◆ **EXERCISE AIM**: Transcribe only what runs from the line containing "Hi, I'm Mark" through the final line below, exactly, and leave every picture out.

◆ **GIVEN INFORMATION**:
<<<<

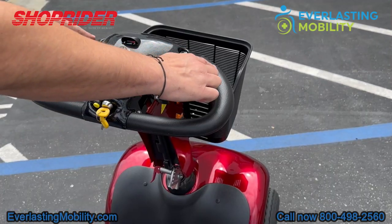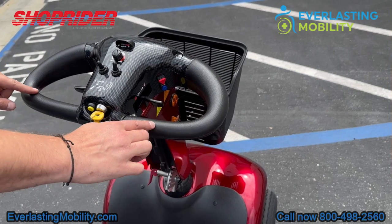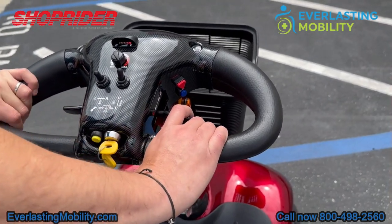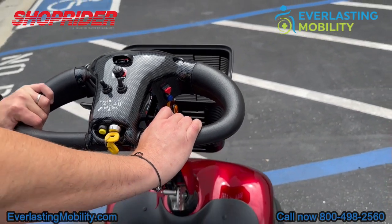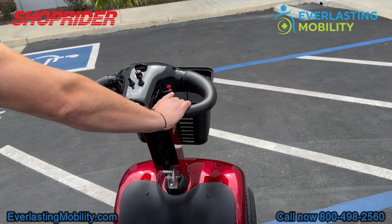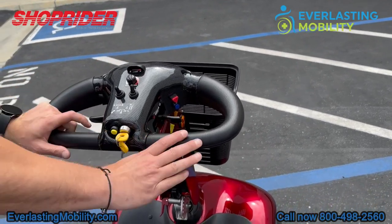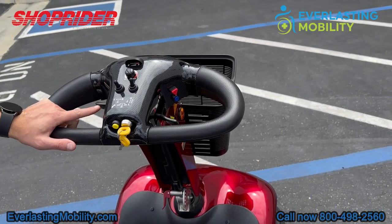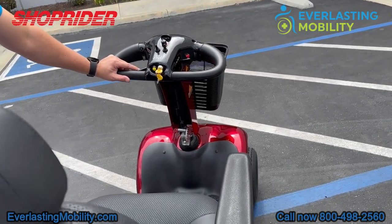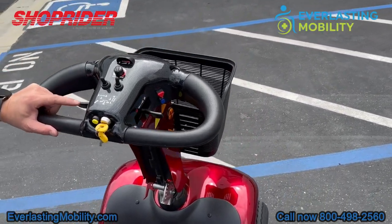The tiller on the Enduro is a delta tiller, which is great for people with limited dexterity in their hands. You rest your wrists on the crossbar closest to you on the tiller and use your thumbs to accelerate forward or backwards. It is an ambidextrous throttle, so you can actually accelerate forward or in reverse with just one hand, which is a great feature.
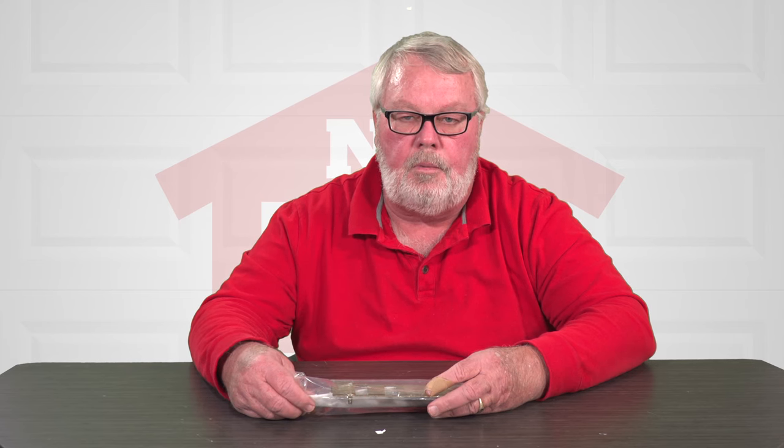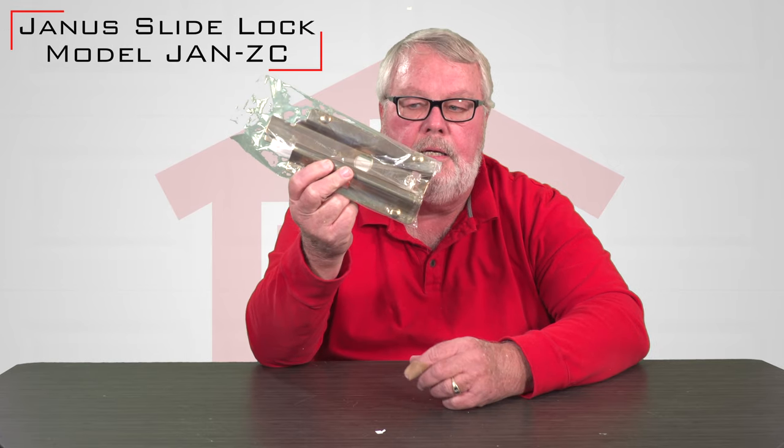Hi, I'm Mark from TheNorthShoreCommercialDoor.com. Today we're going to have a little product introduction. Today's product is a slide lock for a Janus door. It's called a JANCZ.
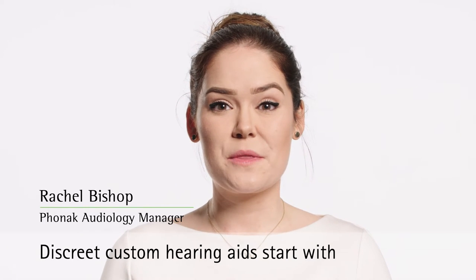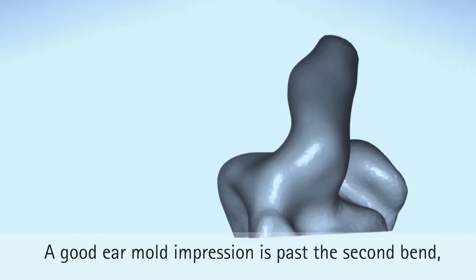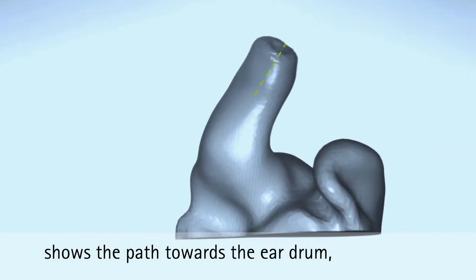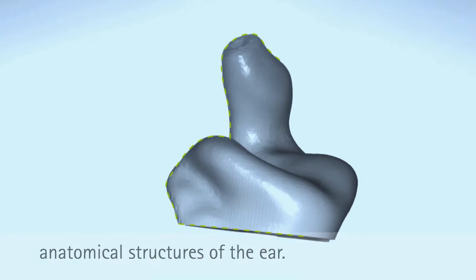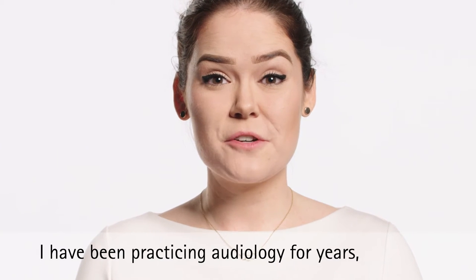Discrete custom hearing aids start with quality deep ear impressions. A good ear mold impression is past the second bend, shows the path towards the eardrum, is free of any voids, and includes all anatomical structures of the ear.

>>>>

◆ **RESULT OF THE EXERCISE**:
Hi, I'm Mark from TheNorthShoreCommercialDoor.com. Today we're going to have a little product introduction. Today's product is a slide lock for a Janus door. It's called a JANCZ.
Discrete custom hearing aids start with quality deep ear impressions. A good ear mold impression is past the second bend, shows the path towards the eardrum, is free of any voids, and includes all anatomical structures of the ear.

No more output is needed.